Showed that switching the activation function to ReLU in ffnet and ResNet further increases their resilience to gradient vanishing (22 layers for ffnet, 81 for ResNet).

Analysis of MLP and CNN in Pattern Recognition

Click to view the report

This project analyzed the performance and parameter settings of MLP and CNN on MNIST and CIFAR 10 dataset in Matlab.

Experimented with various MLP structures and parameters on the MNIST dataset.
Implemented CNNs on MNIST and CIFAR 10 datasets, adjusting channels and pooling methods.
Fine-tuned to get the best CNN on MNIST which gained 0.968 and 0.9 for traning and testing accuracy, respectively.

A Model of Residual Sugar Content and Volatile Acidity Content in Wine Using MLE

Click to view the paper

Apply maximum likelihood estimation to model the relationship between residual sugar content and volatile acidity content in wine in Python.

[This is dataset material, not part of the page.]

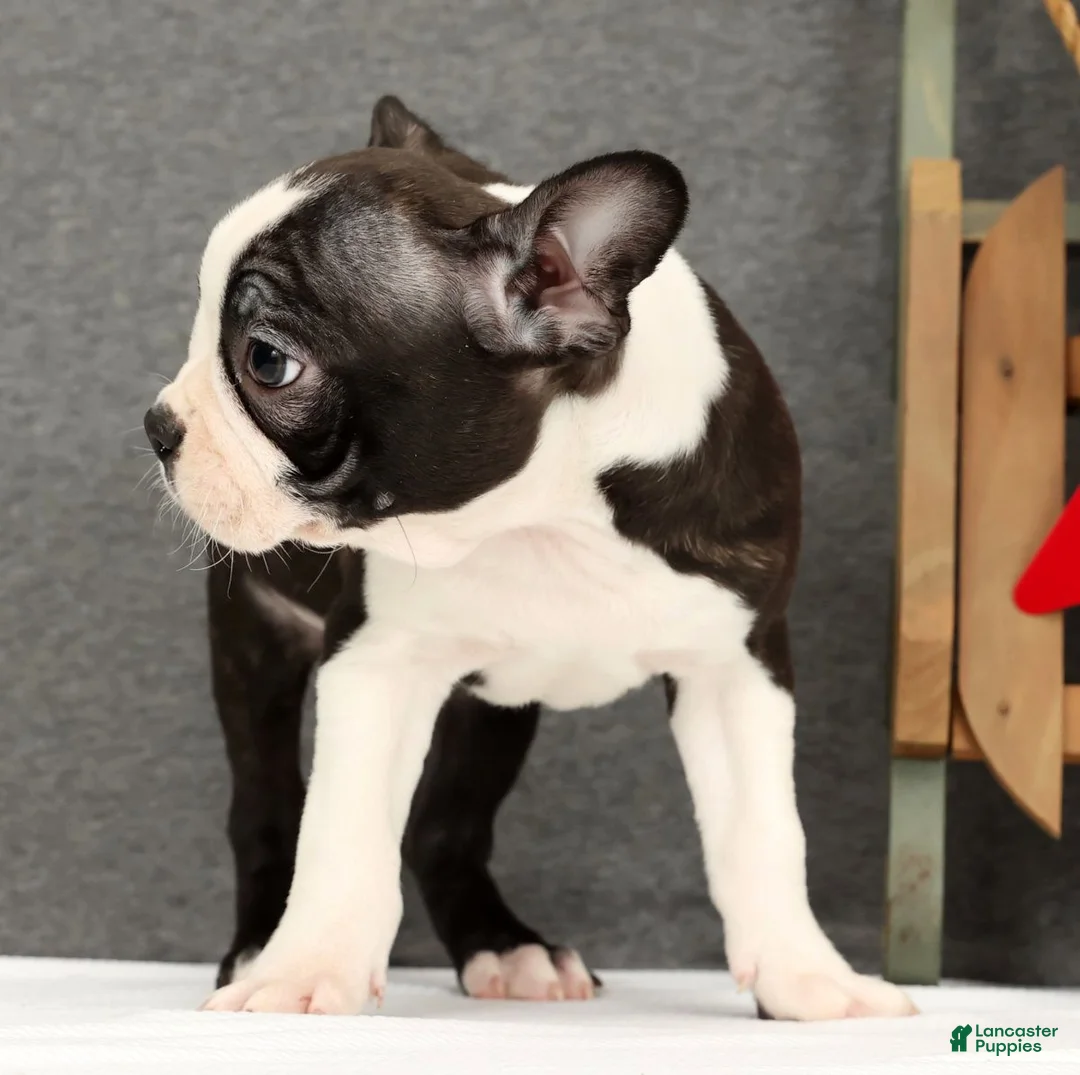 Boston Terrier dogs for sale: Flash - Ad 4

Based on the chemical equation: C6H12O6+2O2 = 2CH3COOH + 2CO2 +2H2O, the hypothesis that there is a linear relationship between volatile acidity and residual sugar is made, i.e., residual sugar (y) and volatile acidity (x) can be represented by a linear function y = a + bx, where a and b are coefficients
According to MLE, mathematically derive the expressions for the parameters a and b.
Use polyfit function to calculate the coefficients, visualize the results and find out linear relationship is not efficient in describing the relationship between residual sugar and volatile acidity.
Finally, extend the experiment to quadratic and cubic, compare the performance of the three models and find out the cubic model performs the best.